# Segment Streaming for the Three-Phase Execution Model: Design and Implementation

Authors:

Muhammad R. Soliman Giovani Gracioli Rohan Tabish Rodolfo Pellizzoni Marco Caccamo



# Outline

- Introduction & Motivation
- Streaming Execution Model
- OS Programming Interface
- Task Set Segmentation
- Evaluation
- Conclusion & Future Work



# Introduction & Motivation

- Emerging Real-Time Applications
- Three-Phase Model
- Task Segmentation
- Example
- Previous Work Limitations
- Paper Contribution



# **Emerging Real-Time Applications**

- Requirements: high performance, timing guarantees, and usually high usage of I/O devices (such as cameras and LIDAR sensors) and memory requirements.
- Platforms: Multiprocessor Systems-on-Chip (MPSoC) with a feature-rich environment, composed of multiple processing elements, high-bandwidth I/O devices and memories, and DMA engines.
- Challenges: shared resources that represent bottlenecks in terms of performance and predictability.

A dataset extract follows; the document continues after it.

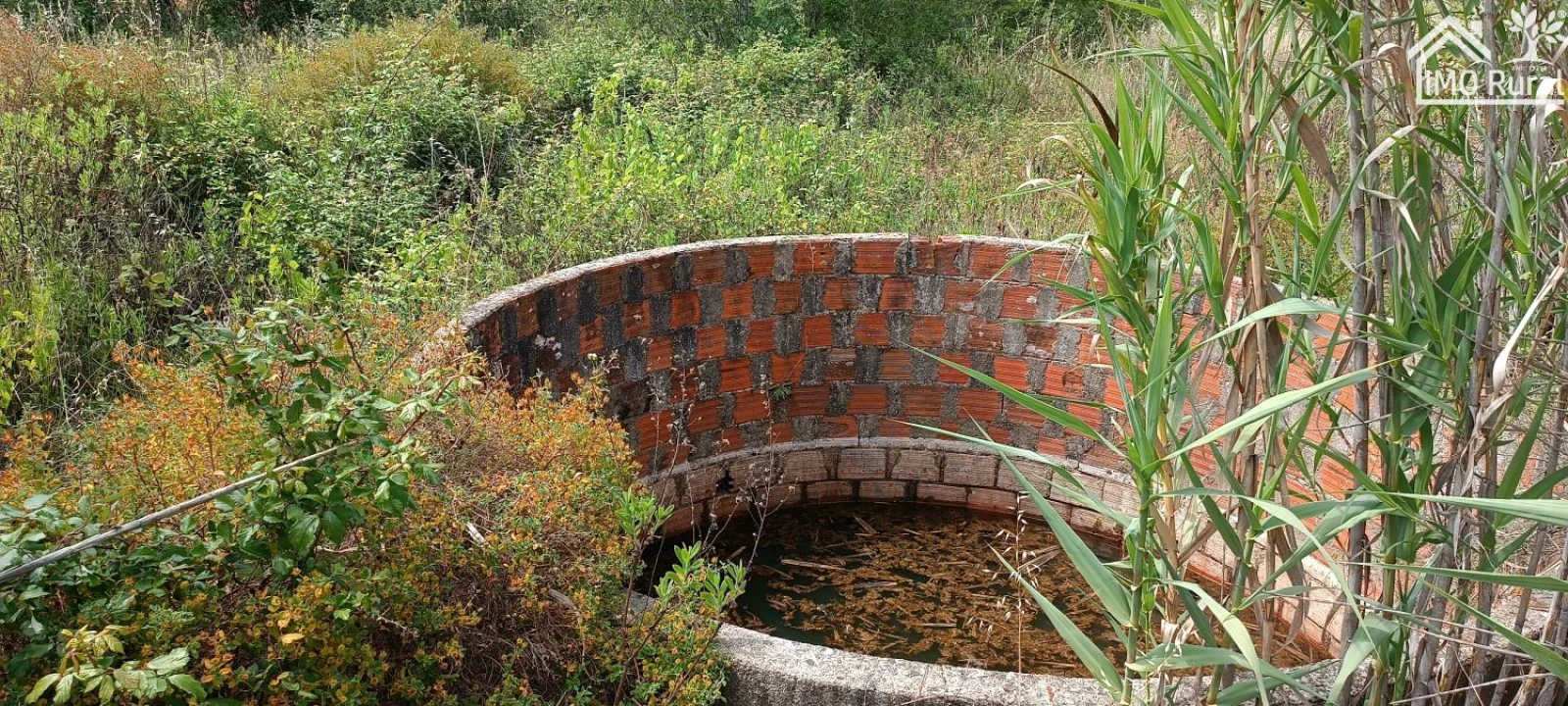 Terreno para Venda em São Jose da Lamarosa Foto 10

#### **Three-Phase Model**

- Divides the task execution into 3 phases:
  - LOAD: Load the required code and data to SPM
  - **COMPUTE**: Execute the task directly from SPM
  - UNLOAD: Copy back the modified data
- Avoids contention at the main memory by sequentializing the load and unload phases of different processors.
- In a multiprocessor system, each processor is assumed to have a local memory (SPM/cache) and the code/data is move to/from the local SPM to the main memory during LOAD/UNLOAD phases. Arbitration techniques are used to share the memory bandwidth (e.g. TDMA).
- Double-buffering techniques allow overlapping the execution of one task while the DMA loads the memory of the next task by partitioning the local memory into two partitions.





## Task Segmentation

- Practical implementation of the three-phase model requires program segmentation due to:
  - Size of local memory
  - Conditional program execution
  - Dynamic memory usage
  - Scheduling constraints
- A task is divided into multiple segments, each consisting of LOAD-COMPUTE-UNLOAD phases.
- We introduced an automated framework, based on the LLVM compiler, that segments a set of real-time tasks with the objective of improving the system's schedulability.
  - M. R. Soliman and R. Pellizzoni, "PREM-based Optimal Task Segmentation under Fixed Priority Scheduling," in 2019 31th Euromicro Conference on Real-Time Systems (ECRTS), July 2019



#### Example



- Task under analysis has 3 segments  $(s_1, s_3, s_6)$ , segments  $(s_2, s_4, s_5)$  belong to other tasks.
- During each interval, a segment of a task (ex:  $s_2$  in interval 2) executes using data and instructions in one partition. At the same time, the DMA unloads the content of the previous segment ( $s_1$ ) and loads the next segment ( $s_3$ ) in the other partition.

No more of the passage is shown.